第二、(第二投票所における代理投票補助者の選任に違法はない。)
一、被告は、第二投票所における投票管理者が、代理投票の補助者を決定するにつき投票立会人らの意見を求めることなく決定した違法があり、右は法第四八条第二項に違反するもので、同投票所における代理投票四九票は無効とすべきものである旨主張する。このような代理投票の管理手続の瑕疵が、個々の投票の効力の問題として当選争訟の理由となりうるにとどまるか、あるいはその瑕疵ある投票数が当選者落選者の各得票数の差を超える場合において選挙無効の理由となるものかについては暫らくおき、まず被告の右主張事実の存否について証拠をみることとする。

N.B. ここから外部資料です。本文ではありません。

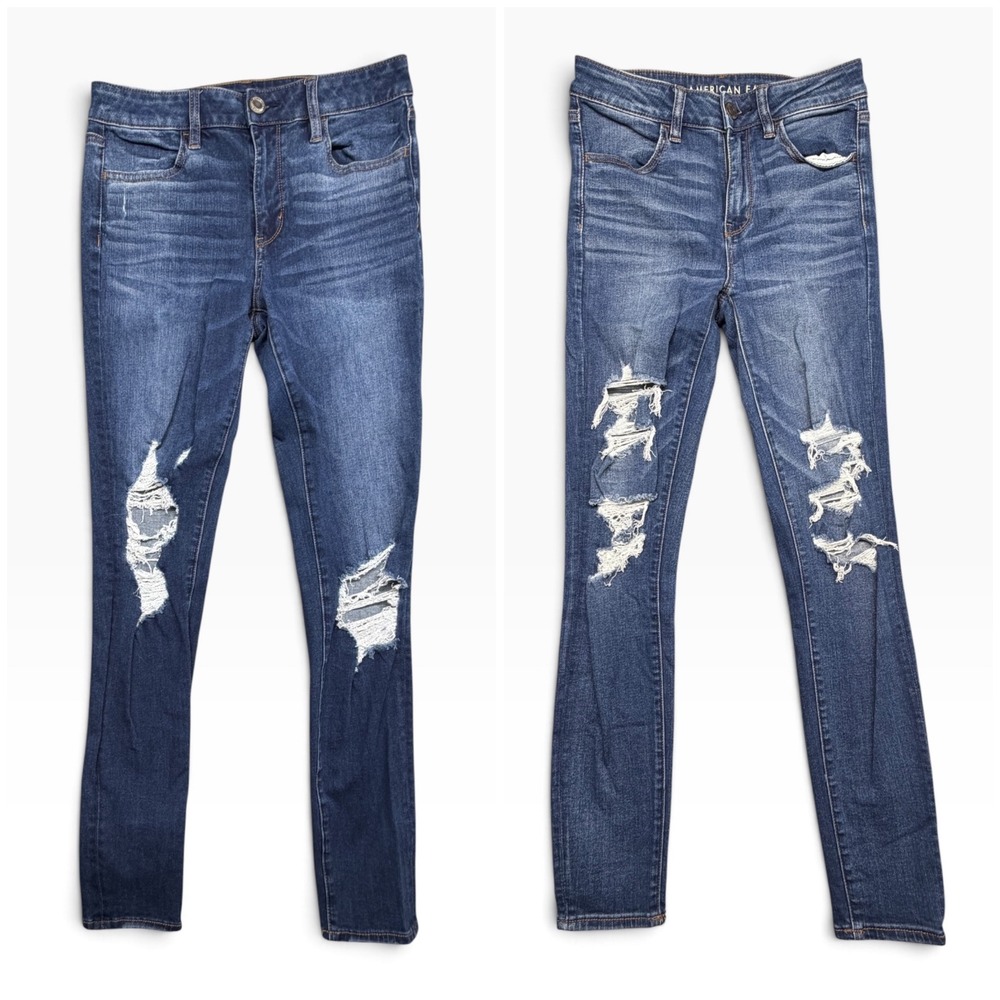 2 Pair American Eagle Hi-Rise Jegging Jeans Womens 8 Long Blue Distressed Skinny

二、証人青沼孫助、内田東二郎、堀井三蔵、水野つや、穐田義雄、今野登恵、荒井スイの各証言、証人奥村圭介の第一回証言により真正に成立したものと認める乙第四号証の一を綜合すれば次の事実が認められる。すなわち、
(一) 第二投票所においては投票管理者は青沼孫助、投票立会人は内田東二郎、堀井三蔵、水野つやの三名、代理投票の補助者は高橋英男、今野登恵であつたところ、高橋英男は投票開始前事故のため出席できない旨の連絡があつたので、同投票所における庶務係穐田義雄は数間離れた投票管理者席に着席中の青沼孫助に対し、自席から坐つたままで右差支の旨を報告し、高橋英男にかわるべきものとして同投票所に名簿対照係として来ていた荒井スイを補助者として選任してはどうかと尋ねたところ、青沼孫助は「それでよいでしよう。」と答えたこと。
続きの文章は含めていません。